Analysis of Consumer Emotions Impacted by COVID-19
摘要
The COVID-19 epidemic has changed consumer attitudes, beliefs, and emotions, therefore influencing either increasing or decreasing mortality and severity. Unexpected pandemic effects have changed public health dynamics, consumer behaviour, and purchasing patterns, as well as public health policies. This paper explores these developments using advanced machine learning and sentiment analysis.

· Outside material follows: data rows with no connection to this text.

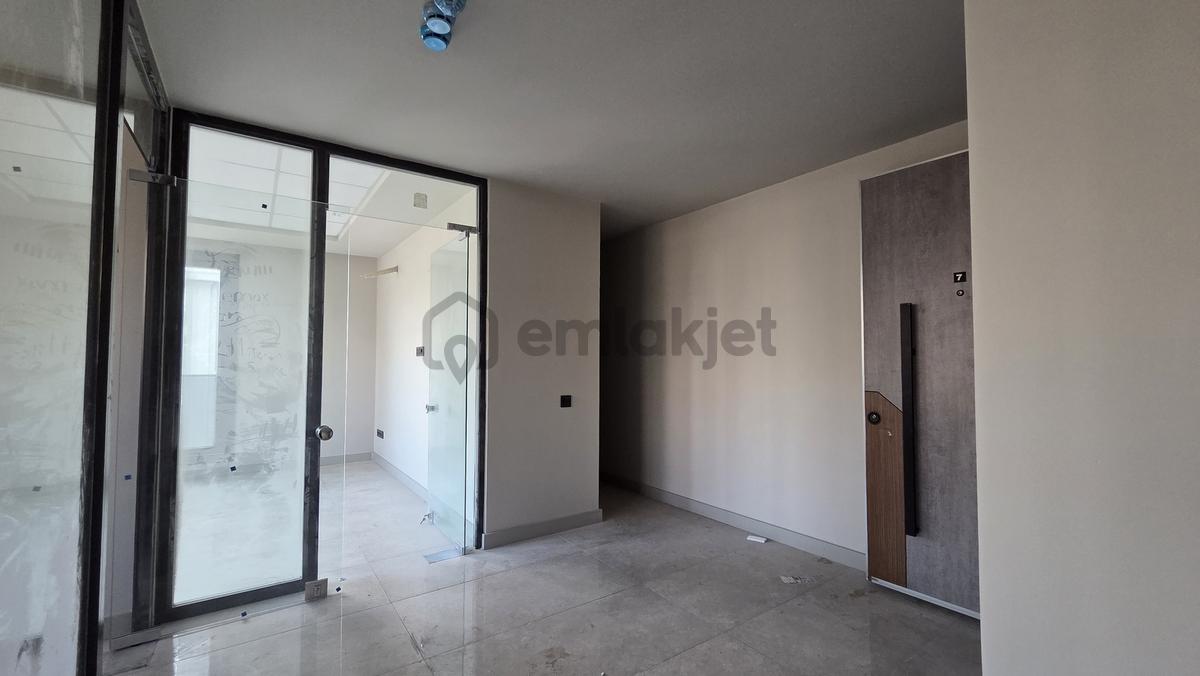 Akkent Mah. Tekince Plaza Da 2+1 Kiralık Ofis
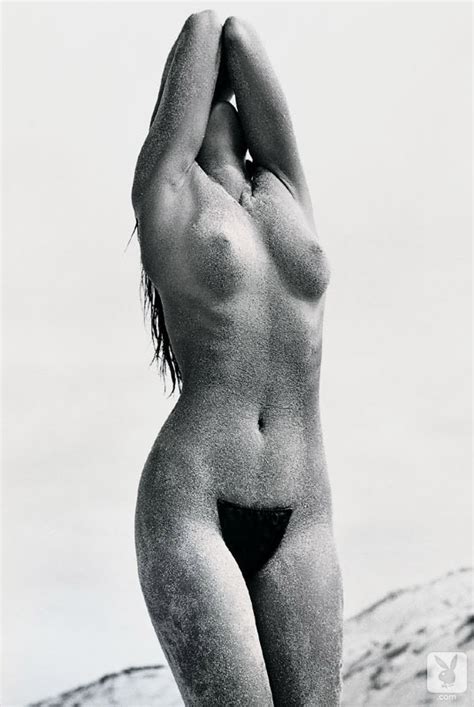 american model cindy crawford nude pictures collection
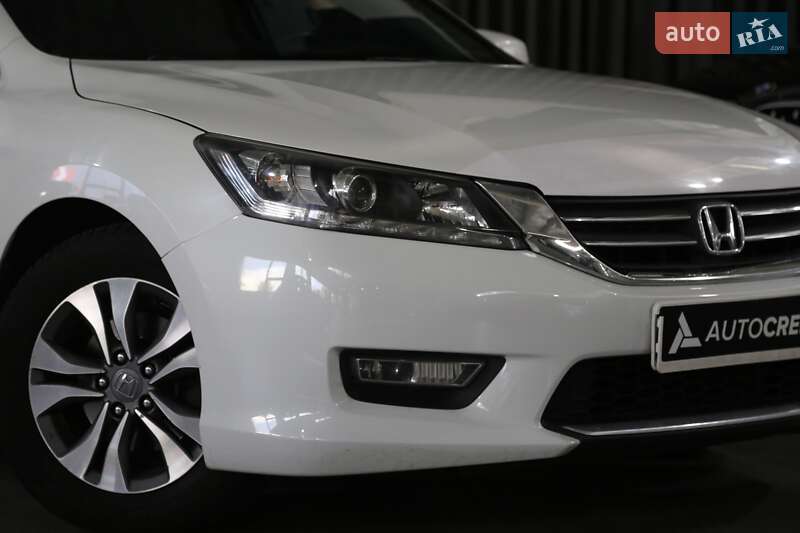 Седан Honda Accord 2013 в Києві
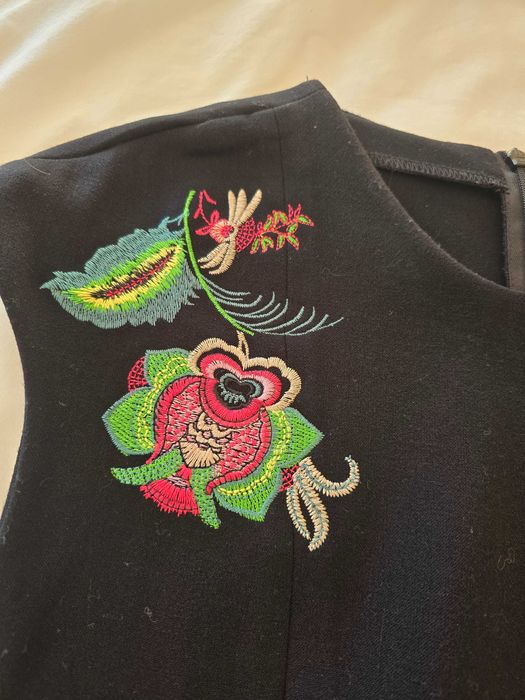 Vestido Desigual Bordado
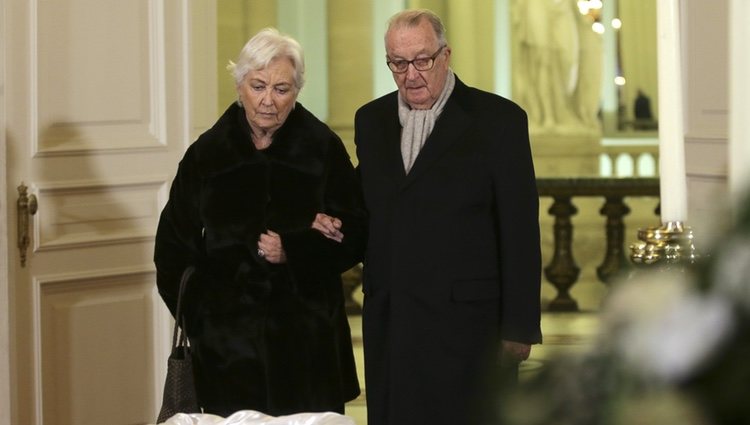 Alberto y Paola de Bélgica en la capilla ardiente de la Reina Fabiola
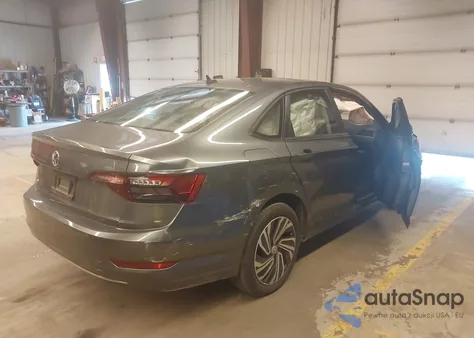 2021 Volkswagen Jetta 1.4T Sel from USA, damaged, VIN 3VWE57BU7MM066867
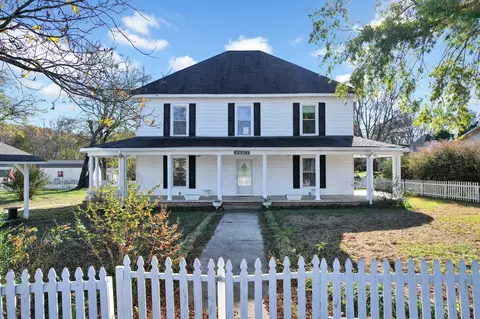 30 1st Ave W, Chatsworth, GA 30705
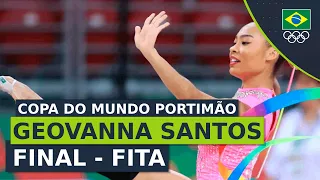 Geovanna Santos disputa a final da fita na etapa de Portimão da Copa do Mundo de Ginástica Rítmica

This paper shows how the epidemic has altered consumer feelings and choices using sentiment analysis, more notably, “lifestyles”. This approach automatically generates a prediction model logic and detects latent trends in giant data by means of machine learning. Quickly acquired and analysed using mining methods, the data provides immediate understanding. The study uses semantic orientation to classify opinions as either neutral, positive, or negative in order to understand consumer sentiment. This classification shows consumers’ perspectives on the epidemic—that of optimism, worry, or ambivalence. The study also applied K-means clustering—a sophisticated unsupervised machine learning technique—to order consumer sentiment data. Through an appropriate centroid count, the researchers can identify patterns and categorise consumers based on attitude. This clustering method allows for more precise analysis of pandemic-related emotional reactions and lifestyle changes. The output of this work emphasises the application of machine learning for sentiment analysis. The project intends to help businesses, politicians, and academics navigate the post-pandemic climate by recognising and evaluating these shifts in consumer behaviour.